Later, her initially incredulous siblings also end up there, and discover that they are destined to free the land from the tyranny of the White Witch, who has ensured that it is always winter, never Christmas. They are assisted by a host of talking beasts, of various degrees of zoological plausibility, and Aslan. There is a long chase, some fighting, a couple of sad bits, and then a happy ending.

Over the years, the book has aroused widespread alarm, because of what is seen as Lewis's over-pushy Christian proselytising, and because of his patronising attitudes towards women and non-white races. Only this week, I read one distinguished commentator suggesting both that the Christian allegory is screamingly obvious, and that in any case Aslan isn't a very good fit for Christ; while on the radio I heard another suggesting that since Lewis's notoriously dodgy racial views aren't evident in the film, they must have been "Disneyfied" out of existence.

While the social attitudes and religion do get a little overpowering in some of the later episodes of the Narnia sequence (and I'll be interested to see how Hollywood copes), this opener is thoroughly harmless. The only racial groups with grounds for complaint here are minotaurs and cyclopes, while Christianity is mixed up with a whole grab-bag of other myths, Nordic and Greco-Roman - something we're alerted to early on, by James McAvoy's flirtatious Tumnus, a twinkle in his eye suggesting he is less faun than satyr.

As for women - well, here the film may be said to rescue Lewis from himself. As Lucy, 10-year-old Georgie Henley is game and plausible, while Anna Popplewell makes Susan, the most underdrawn of the four children, very attractively sceptical and catty.

Most of all there is the White Witch: Tilda Swinton's pale, slightly inhuman beauty is not what I envisaged when I read the book, but even with her head sticking up from a series of dresses that aren't so much tailored as upholstered, she is enchanting. Under the circumstances, young Edmund's decision to betray the others to her seems like a perfectly understandable adolescent male reaction.

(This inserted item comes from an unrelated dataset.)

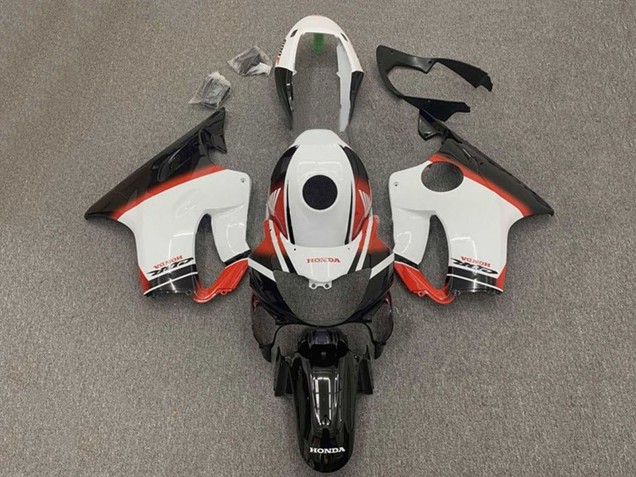 2004-2007 Honda CBR600 F4i Motorcycle Fairings - White Red Glossy Black Australia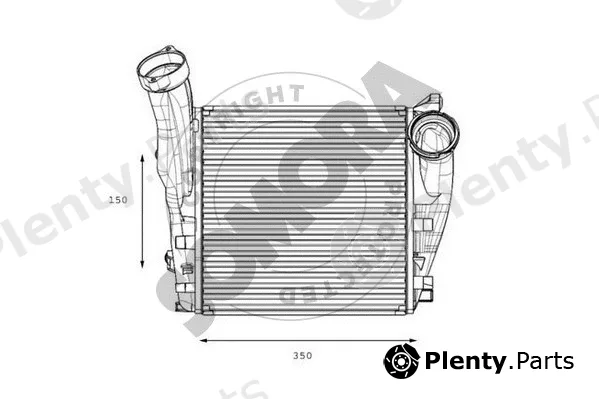 Somora 358545AL — Charge Air Cooler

Parents of other adolescent males should consider that her appearance in the climactic battle-scene, all spikes and fur and flashing swords, may well inculcate a strain of sexual fantasy with which they are not comfortable.

If the girls come out of it rather well, the boys are less satisfactory. The only full-bloodedly virile character on show is Ray Winstone's cockneyfied talking beaver (another triumph of computer generated imagery, scampering and bounding and sniffing the air in a very believably beaverish manner).

But Peter Pevensie (William Moseley) is a priggish cipher of decency and bravery - here, the film follows the books in the wrong ways - and the biggest disappointment is Liam Neeson's voicing of Aslan, which has all the warmth and command of a public information film. Once he's arrived, the film's energy swiftly dissipates.

Even then, there are pleasures: that last battle, rigged up from Lewis's sketches, swooping griffins, bounding leopards and thundering centaurs. If it isn't on the same scale as the battle of Helm's Deep in The Lord of the Rings - well, be thankful.